Diduga Ada Manipulasi Data PPDB, Wali Murid di Jember Wadul ke DPRD

Indikasi Palsukan Data Surat Keterangan Domisili (SKD)
Faizin Adi

Reporter

Faizin Adi

Kamis, 2 Juli 2020 - 08:00

diduga-ada-manipulasi-data-ppdb-wali-murid-di-jember-wadul-ke-dprd

WADUL. Belasan wali murid mengadukan dugaan manipulasi Data Domisili untuk mensiasati sistem zonasi. Foto: Faizin

JATIMNET.COM, Jember – Belasan wali murid di Jember, tergabung dalam Komunitas Peduli Pendidikan Anak (KPPA) wadul ke DPRD Jember. Mereka menilai ada indikasi manipulasi data domisili untuk mensiasati sistem zonasi dalam Penerimaan Peserta Didik Baru (PPDB) tingkat SMA tahun 2020

Para wali murid mendesak agar dewan menindak tegas para pelakunya karena ada indikasi kecurangan dalam PPDB SMA Negeri. Seperti data pembuatan surat keterangan domisili (SKD), hal ini yang menjadi manipulasi supaya bisa masuk di SMA Negeri.

Atas manipulasi ini menyebabkan salah satu wali murid yang menangis karena anaknya sebenarnya tinggal lebih dekat dengan SMA Negeri dituju. Tapi harus tergeser oleh anak lain yang mendaftar dengan mensiasati data domisili. 

“Manipulasi untuk pembuatan surat keterangan domisili ini berlangsung cukup masif, agar lebih dekat dengan sekolah negeri yang dituju. Informasi yang kami peroleh, tidak ada verifikasi yang dilakukan oleh Dinas Pendidikan Provinsi Cabang Jember,” kata David K Susilo, Ketua KPPA usai pertemuan, Kamis 2 Juli 2020.

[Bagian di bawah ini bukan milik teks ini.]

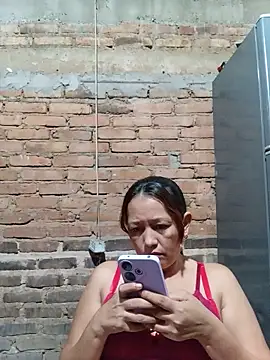 Snapshot of marinita13 chatting on June 10, 2026, 10:33 pm marinita13 online show from June 10, 2026, 10:33 pm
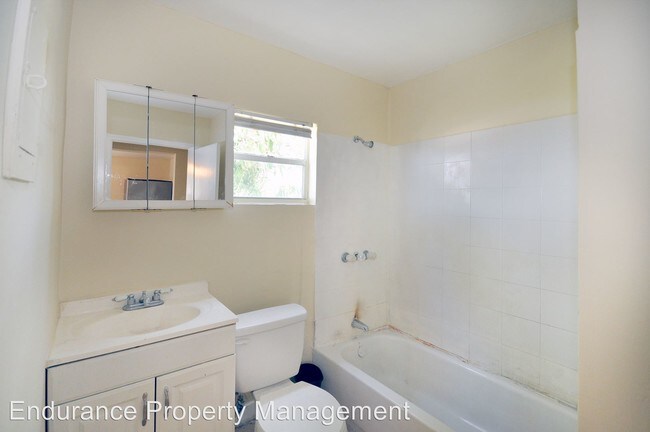 Building Photo - 2 br, 1 bath House - 1265 Silver Beach Rd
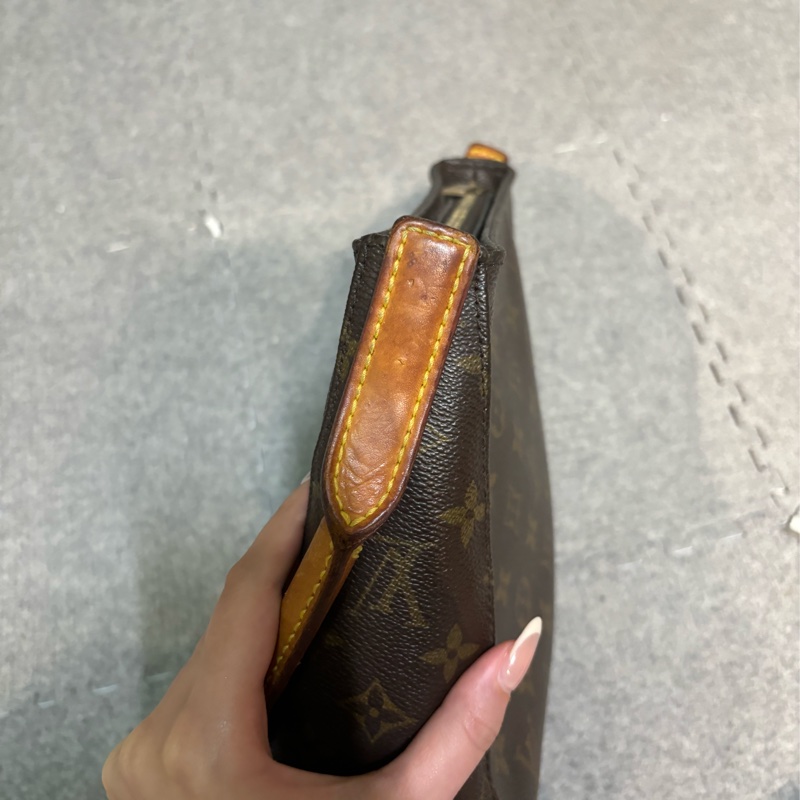 🏷️ LOUIS VUITTON王菲包-31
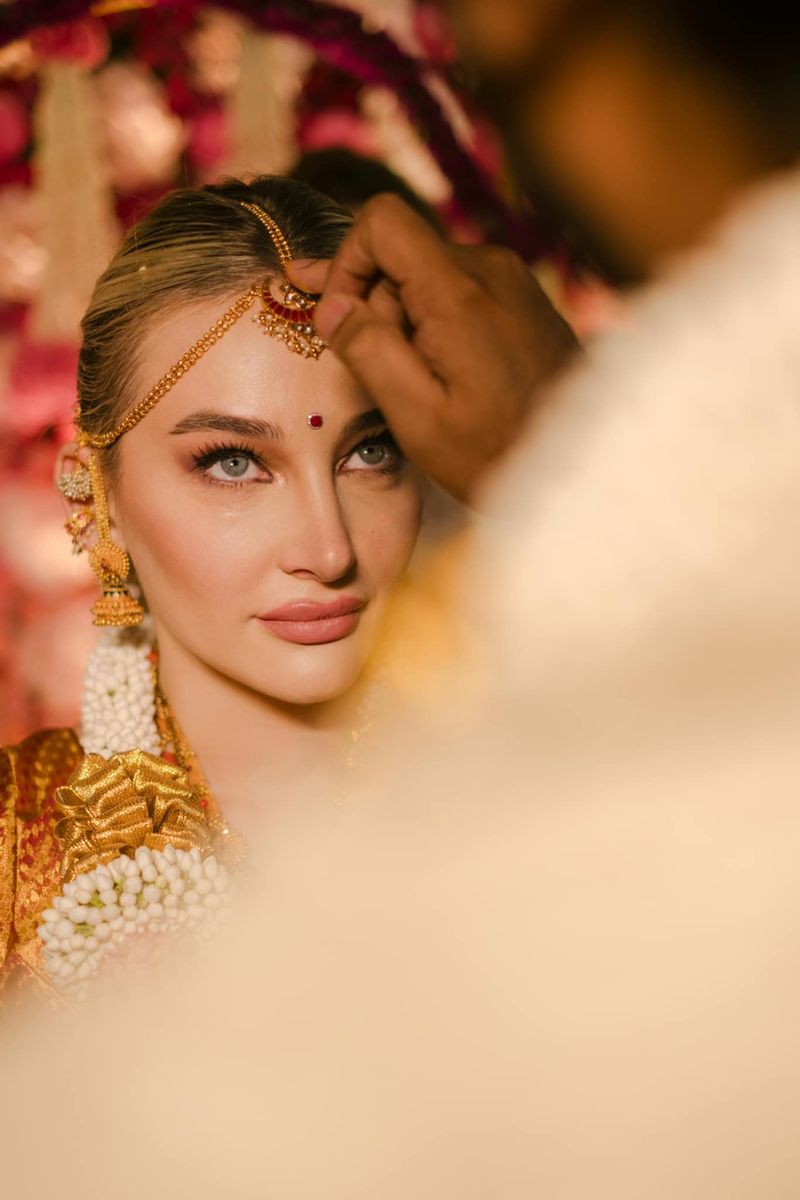 Ea este românca care a cucerit inima unui milionar indian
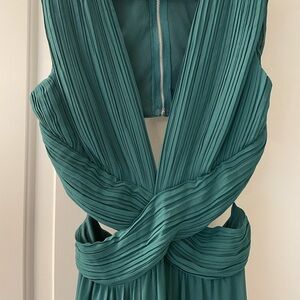 Lulu’s Emerald Green Cutout Maxi Dress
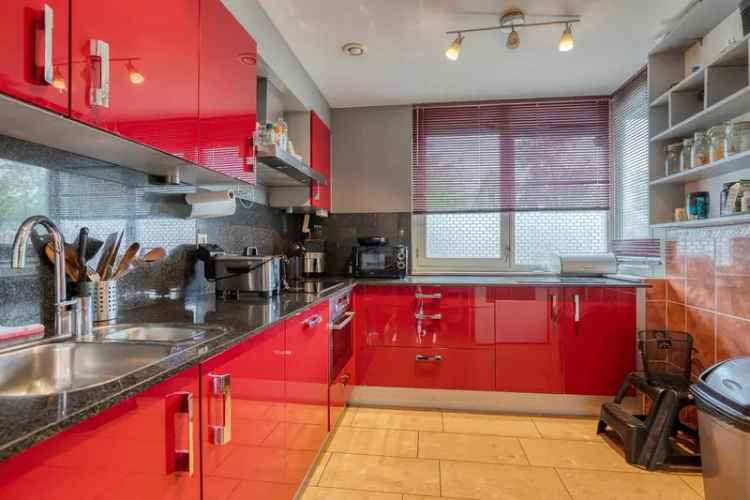 Huis te koop Amsterdam: 4 slaapkamers, grote tuin, dakterras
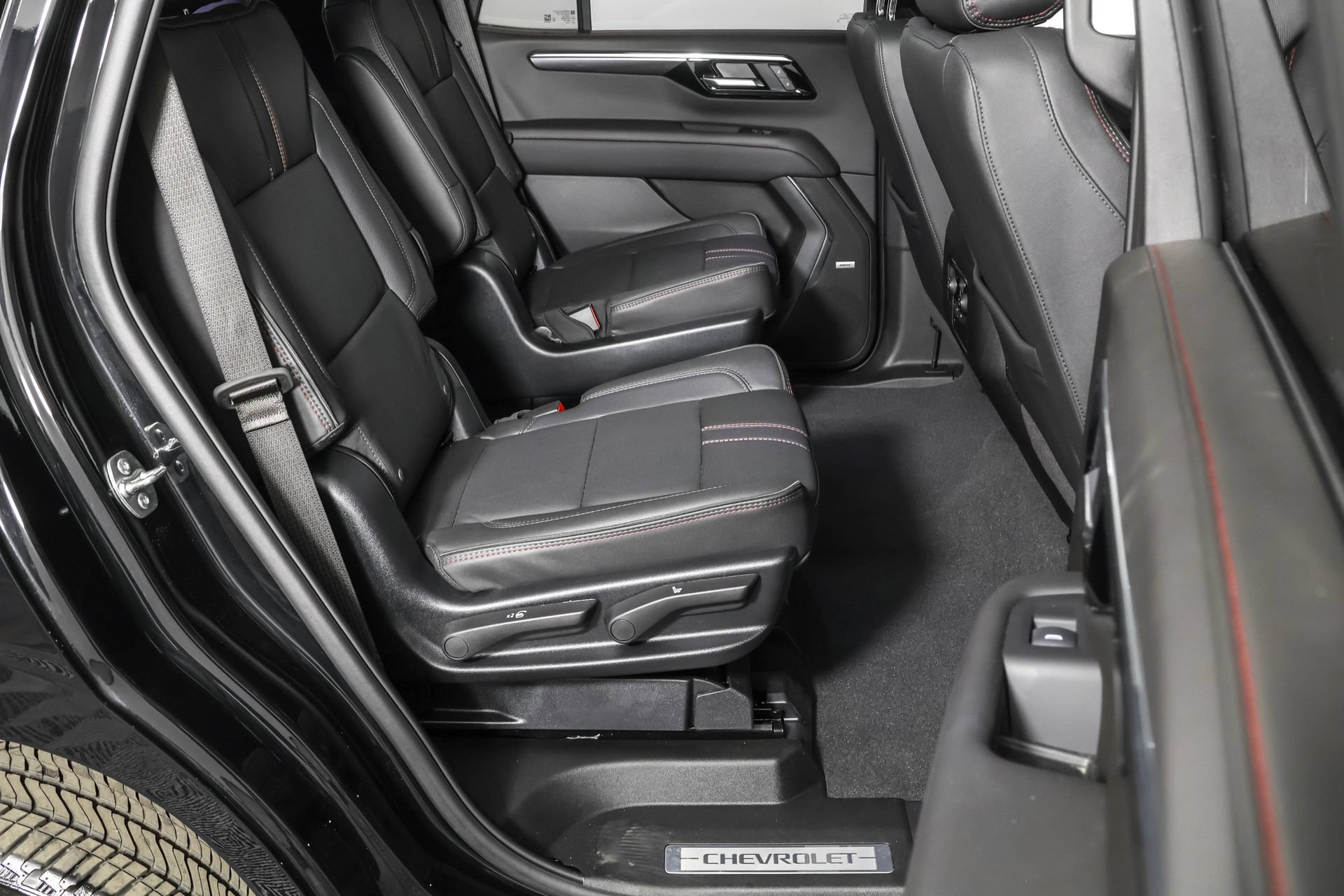 Used 2025 Chevrolet Tahoe RST w/ Comfort Package AWD/4WD image 45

BACA JUGA: Muncul Dugaan SKD Fiktif di PPDB, Dindik Jatim: 92 Persen Gunakan KK

Karena itu, KPPA mendorong DPRD Jember agar Badan Koordinasi Wilayah (Bakorwil) selaku perwakilan Pemprov di Jember untuk meminta Dinas Pendidikan membuka transparansi dalam PPDB Sistem Zonasi tahun ini. 

Mereka juga mendesak adanya transparansi dari RT/RW serta kantor kelurahan yang ada di sekitar SMA Negeri yang telah memberikan SKD tersebut. Jika terbukti ada  manipulasi dalam pembuatan SKD, para wali murid mendesak agar ada proses hukum yang tegas.

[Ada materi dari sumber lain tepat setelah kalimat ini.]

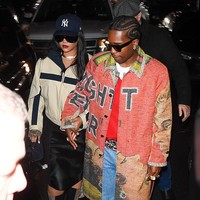 Untuk momen spesial tersebut, Rihanna tampil maksimal dengan windbreaker warna krem dari Yves Saint Laurent senilai US$ 3.200 atau sekitar Rp 50 jutaan. Jaket mewah itu dipadukannya dengan rok hitam bertekstur sepanjang lutut yang memberi kesan edgy tapi tetap elegan. (Foto: GC Images/Getty Images). (Foto: GC Images/Getty Images)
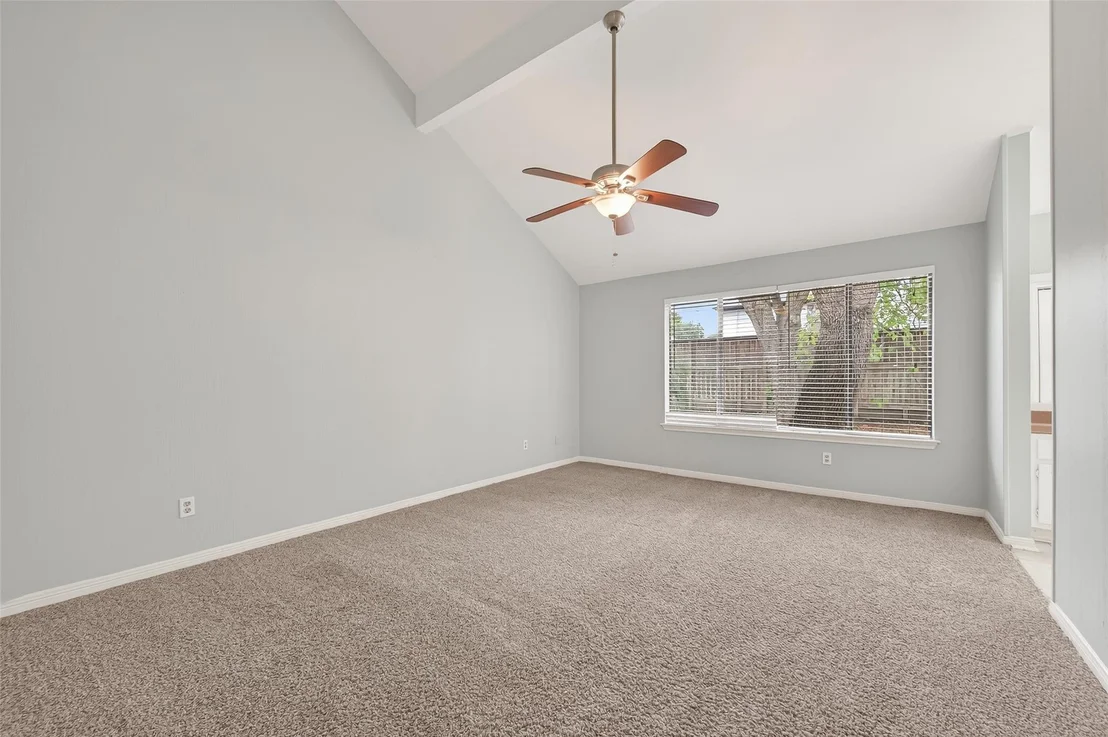 Photo of 22946 Provincial Boulevard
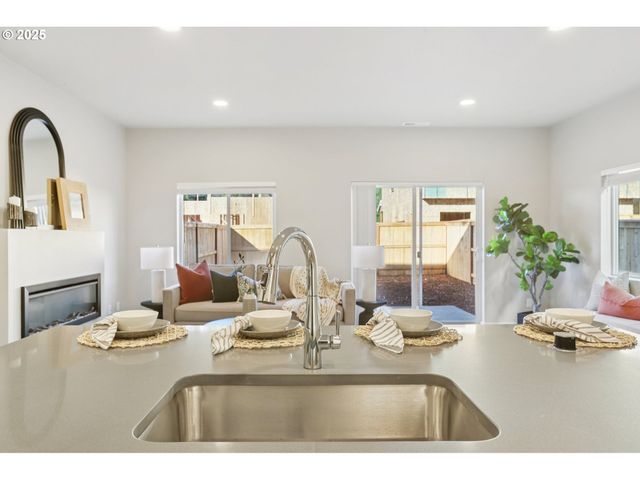 1030 Nw 178TH Way, Ridgefield, WA 98642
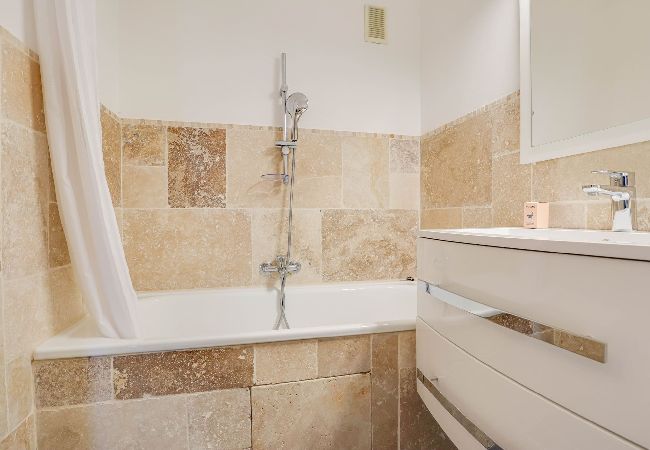 Studio in Menton - 18-« Château Saint Louis 3 » Vue Mer, Terrasse Studio in Menton - 18-« Château Saint Louis 3 » Vue Mer, Terrasse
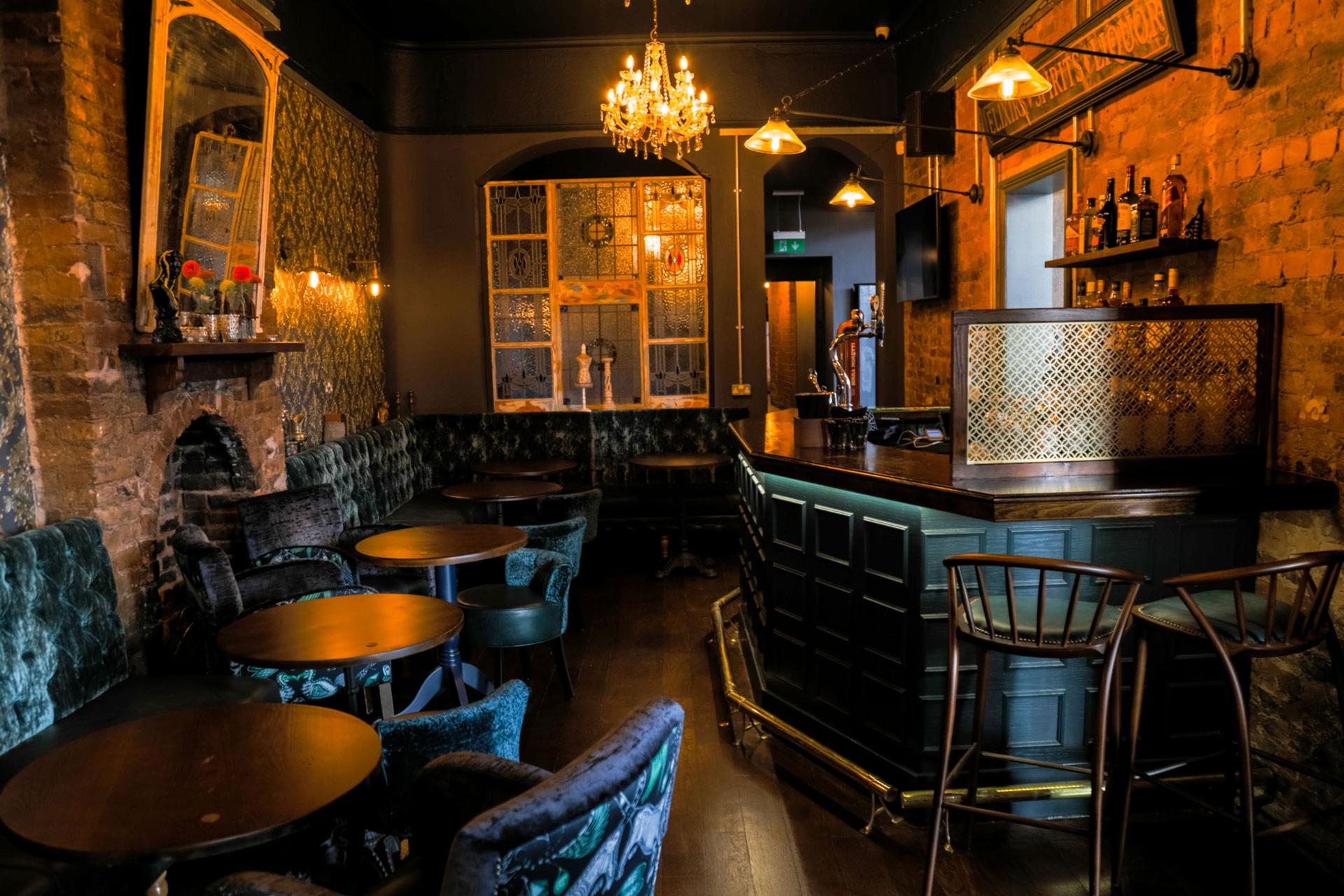Cocktail Lounge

Manipulasi SKD, menurut KPPA, membuat anak-anak yang sebenarnya tinggal lebih dekat dengan sekolah negeri dituju, menjadi tergusur. Karena mereka tetap menggunakan Kartu Keluarga (KK) di alamat yang sudah ditinggali selama bertahun-tahun.

“Contohnya saya sendiri yang jadi korban. Kalau saya mau, saya bisa dengan mudah menggunakan SKD, karena rumah dinas saya hanya berjarak 10 meter dari sekolah negeri yang akan dituju oleh anak saya. Tetapi saya tidak mau menanamkan praktik kejujuran kepada anak saya. Akibatnya memang, setelah mendaftar secara online, anak saya semula ada di peringkat atas, langsung terlempar beberapa jam kemudian,” ungkap pria yang juga dosen di Unej dan IKIP PGRI Jember.

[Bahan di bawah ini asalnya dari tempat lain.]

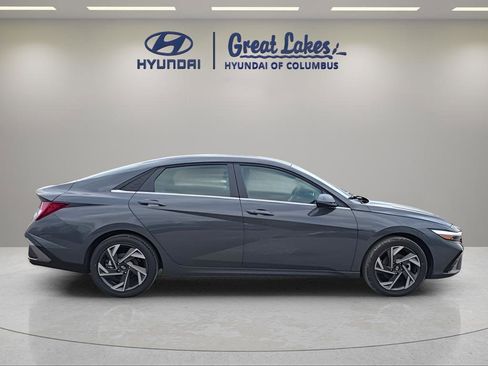 New 2026 Hyundai Elantra Limited FWD image 6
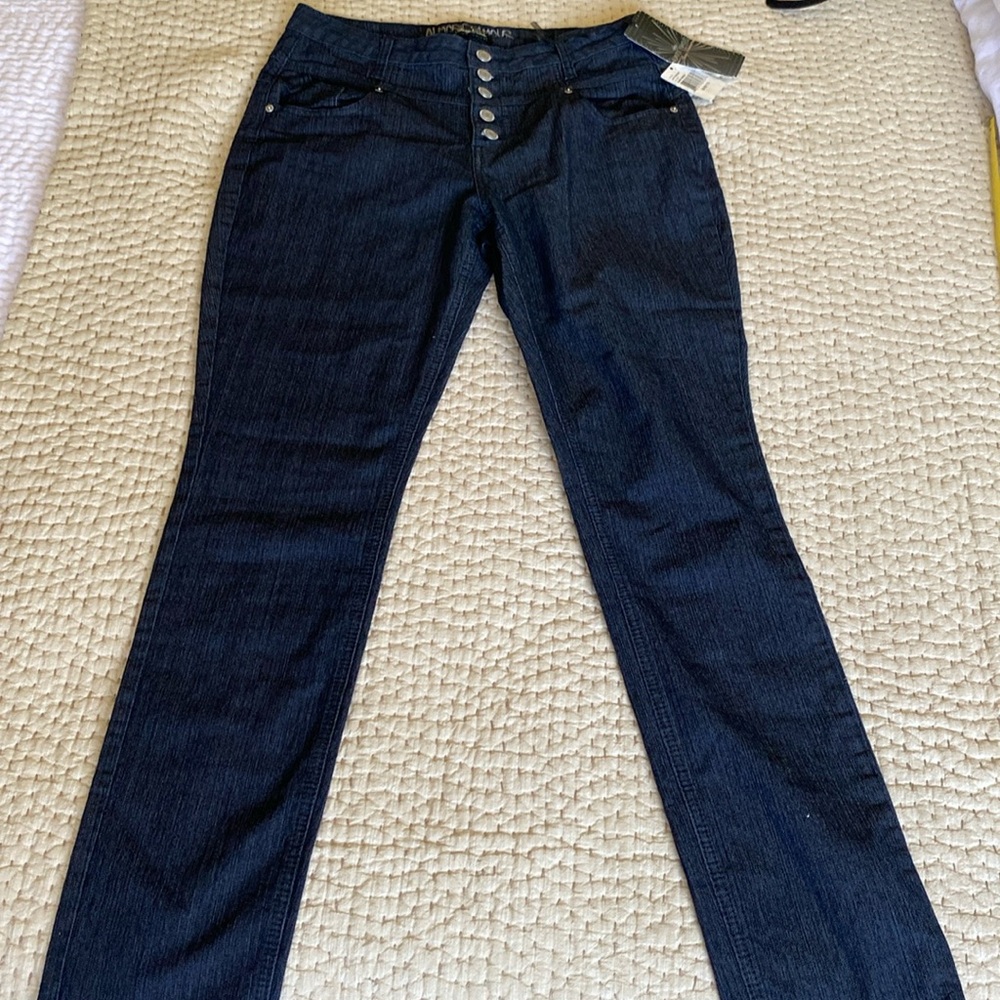 NWT Almost Famous Jeans Size 13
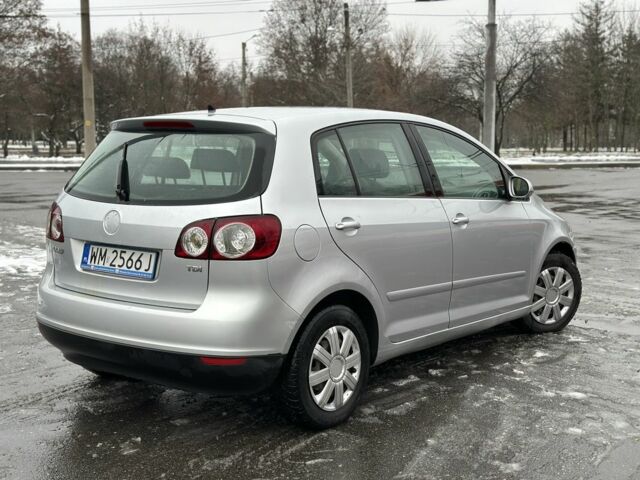 Серый Фольксваген Гольф Плюс, объемом двигателя 0 л и пробегом 123 тыс. км за 2800 $, фото 2 на Automoto.ua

BACA JUGA: Banyak Salah Unggah Berkas, Pagu Afirmasi PPDB SMA/SMK Tersisa Banyak

Saat melakukan penelusuran, David menemukan indikasi sejumlah pengelola ruko, atau rumah makan di dekat SMA Negeri, yang alamatnya dititipi oleh para wali murid yang ingin mendaftarkan anaknya. “Kalau mau diverifikasi, ternyata alamat yang digunakan dalam SKD tersebut ternyata adalah ruko, rumah makan ataupun rumah kos. Ini banyak terjadi,” David memaparkan.

Modus rekayasa SKD ini menurut KPPA  telah berdampak buruk terhadap psikologis anak. Tidak sekedar menanamkan ketidakjujuran pada anak, KPPA juga mensinyalir praktik menipulasi SKD mendorong kasus perundungan (bullying) dan kecemburuan sosial antar anak.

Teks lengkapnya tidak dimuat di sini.